On ne retiendra donc que ses penchants pour le masochisme, l'étrange vice auquel fait référence le titre, thème majeur du film que Martino met en images de manière inoubliable lors notamment de deux superbes séquences à l'onirisme morbide. La première est celle du viol sous la pluie battante qui ouvre le film, la seconde celle où son ex-amant lui taillade un sein à l'aide d'un tesson tandis qu'une pluie cette fois de verre recouvre majestueusement son corps à demi dénudé qu'un filet de sang macule.
Martino compense le déséquilibre de son scénario par un érotisme exacerbé et un sadisme tout à fait jouissif au détour de quelques meurtres le plus souvent prodigués à l'aide d'un rasoir. Tourné entre Vienne et l'Espagne, soutenu par un très beau thème musical signé Nina Orlandi, Lo strano vizio della signora Wardh doit également beaucoup à son interprète principale, Edwige Fenech, dont Martino filme le corps nu aussi souvent qu'il le peut.

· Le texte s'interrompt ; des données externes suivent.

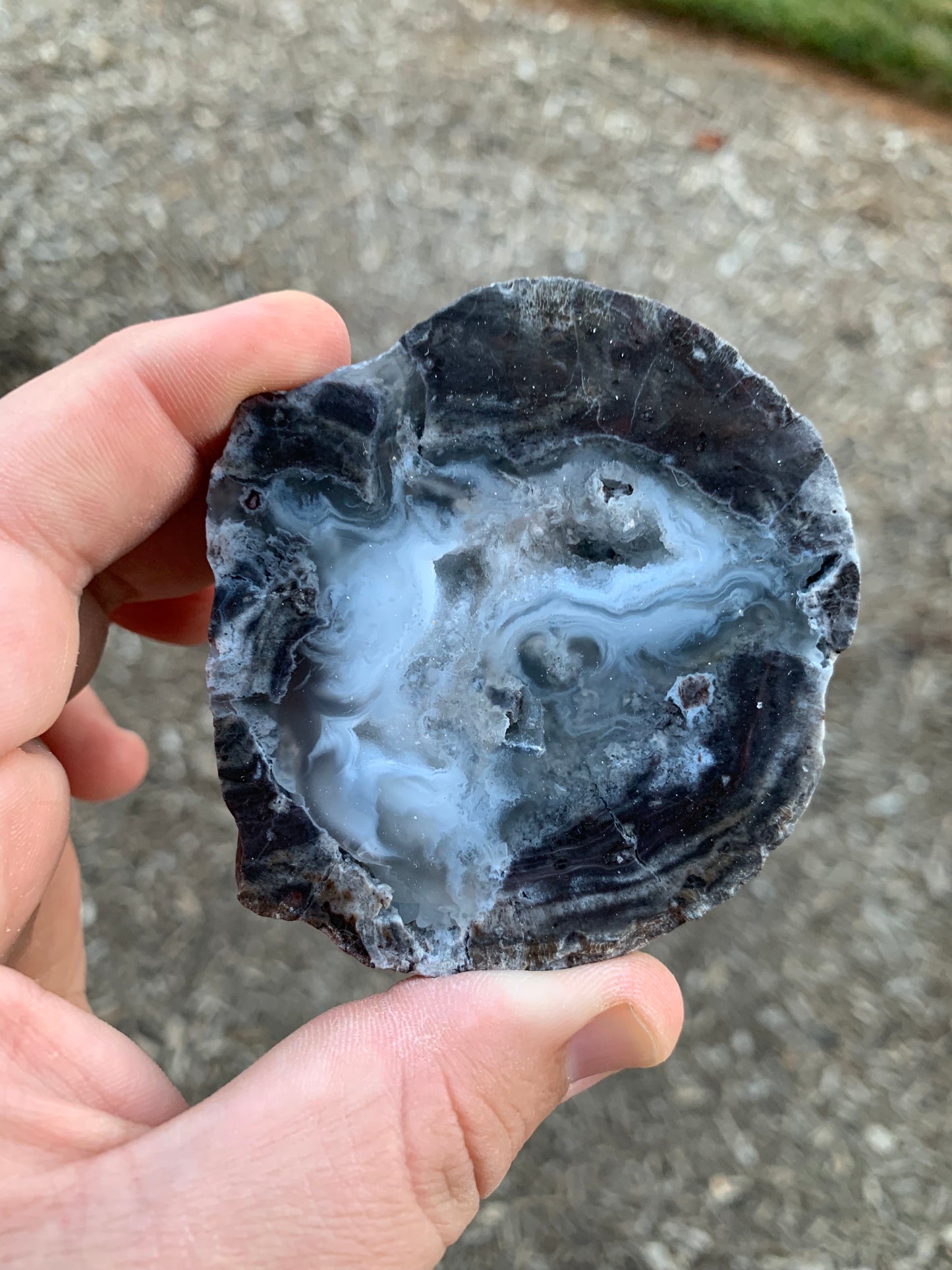 Druzy Thunder Egg Agate Sliced Polished Geode Mexico Mineral Specimen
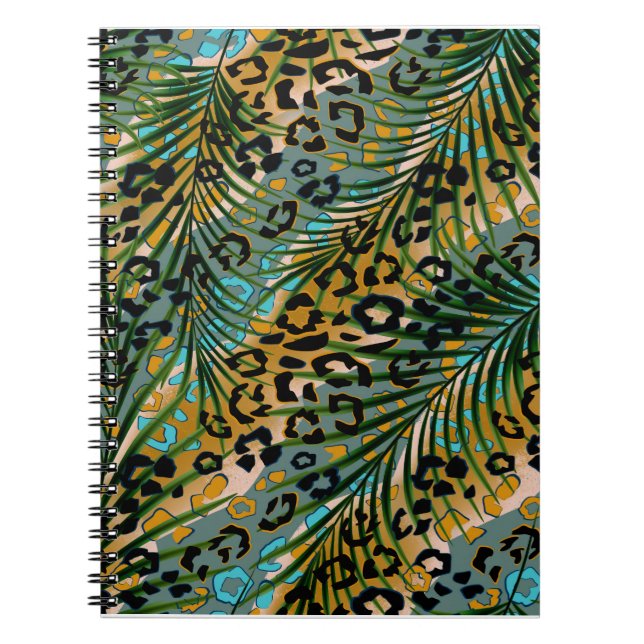 Palm leaves on a leopard background.  notebook (Front)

A quelques années des sexy comédies qui feront sa renommée, Edwige, belle et fragile même si elle n'a pas le coté candide de Carroll Baker, porte ce thriller sur ses robustes épaules aux cotés de l'argentin George Hilton avec qui elle formera à l'écran le temps de quatre autres films le couple idéal.
On notera également au générique la présence de talentueux noms tels que Alberto De Mendoza, Carlo Alighiero ainsi que Ivan Rassimov dont le charisme et le regard de glace n'auront jamais aussi bien été utilisés au cinéma. Quant à la blonde et enjouée Conchita Airoldi, épouse du producteur, c'était là son premier rôle au cinéma.
Certes moins carré que Tutti i colori del buio bien que lui étant supérieur au niveau ambiant, Lo strano vizio della signora Wardh et son final à tiroirs un peu grossier que l'amateur aura assez facilement décelé n'en reste pas moins un bon et honnête giallo, attachant et fort bien rythmé.
Chose amusante, l'amateur au vu du petit mot que l'ex-amant de julie lui laisse "Ton vice est une pièce fermée dont moi seul ait la clé" pensera immédiatement au troisième giallo du réalisateur qui porte justement ce titre. Si elle fait référence à Freud, l'expression fut pourtant inventée par Martino à des fins commerciales afin de lancer au mieux le film, une pratique alors courante dans le monde du cinéma de genre italien. Elle devait être au départ attribuée au Venin de la peur de Lucio Fulci.